(Collected data entries)
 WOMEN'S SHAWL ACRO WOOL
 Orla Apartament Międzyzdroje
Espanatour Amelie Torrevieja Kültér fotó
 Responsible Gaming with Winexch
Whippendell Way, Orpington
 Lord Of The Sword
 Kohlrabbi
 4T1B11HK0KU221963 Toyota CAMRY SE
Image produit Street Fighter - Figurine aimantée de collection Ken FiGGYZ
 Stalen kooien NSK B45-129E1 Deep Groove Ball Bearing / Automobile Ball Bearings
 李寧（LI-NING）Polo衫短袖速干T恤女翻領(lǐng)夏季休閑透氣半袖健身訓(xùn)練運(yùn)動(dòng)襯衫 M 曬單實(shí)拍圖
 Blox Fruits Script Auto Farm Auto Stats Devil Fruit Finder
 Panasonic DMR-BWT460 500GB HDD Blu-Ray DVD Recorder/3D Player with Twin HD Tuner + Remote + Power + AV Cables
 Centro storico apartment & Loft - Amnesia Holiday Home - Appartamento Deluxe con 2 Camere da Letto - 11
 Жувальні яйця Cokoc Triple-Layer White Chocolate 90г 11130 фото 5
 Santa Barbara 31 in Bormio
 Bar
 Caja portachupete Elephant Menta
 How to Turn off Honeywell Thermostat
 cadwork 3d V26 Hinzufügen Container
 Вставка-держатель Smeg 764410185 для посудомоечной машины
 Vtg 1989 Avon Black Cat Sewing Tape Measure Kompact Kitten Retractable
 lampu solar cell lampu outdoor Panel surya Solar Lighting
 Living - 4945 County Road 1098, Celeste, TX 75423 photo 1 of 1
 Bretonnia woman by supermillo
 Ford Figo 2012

§ **Exercise details**
Go through the data above and repeat all of it exactly.

§ **Task response**
 WOMEN'S SHAWL ACRO WOOL
 Orla Apartament Międzyzdroje
Espanatour Amelie Torrevieja Kültér fotó
 Responsible Gaming with Winexch
Whippendell Way, Orpington
 Lord Of The Sword
 Kohlrabbi
 4T1B11HK0KU221963 Toyota CAMRY SE
Image produit Street Fighter - Figurine aimantée de collection Ken FiGGYZ
 Stalen kooien NSK B45-129E1 Deep Groove Ball Bearing / Automobile Ball Bearings
 李寧（LI-NING）Polo衫短袖速干T恤女翻領(lǐng)夏季休閑透氣半袖健身訓(xùn)練運(yùn)動(dòng)襯衫 M 曬單實(shí)拍圖
 Blox Fruits Script Auto Farm Auto Stats Devil Fruit Finder
 Panasonic DMR-BWT460 500GB HDD Blu-Ray DVD Recorder/3D Player with Twin HD Tuner + Remote + Power + AV Cables
 Centro storico apartment & Loft - Amnesia Holiday Home - Appartamento Deluxe con 2 Camere da Letto - 11
 Жувальні яйця Cokoc Triple-Layer White Chocolate 90г 11130 фото 5
 Santa Barbara 31 in Bormio
 Bar
 Caja portachupete Elephant Menta
 How to Turn off Honeywell Thermostat
 cadwork 3d V26 Hinzufügen Container
 Вставка-держатель Smeg 764410185 для посудомоечной машины
 Vtg 1989 Avon Black Cat Sewing Tape Measure Kompact Kitten Retractable
 lampu solar cell lampu outdoor Panel surya Solar Lighting
 Living - 4945 County Road 1098, Celeste, TX 75423 photo 1 of 1
 Bretonnia woman by supermillo
 Ford Figo 2012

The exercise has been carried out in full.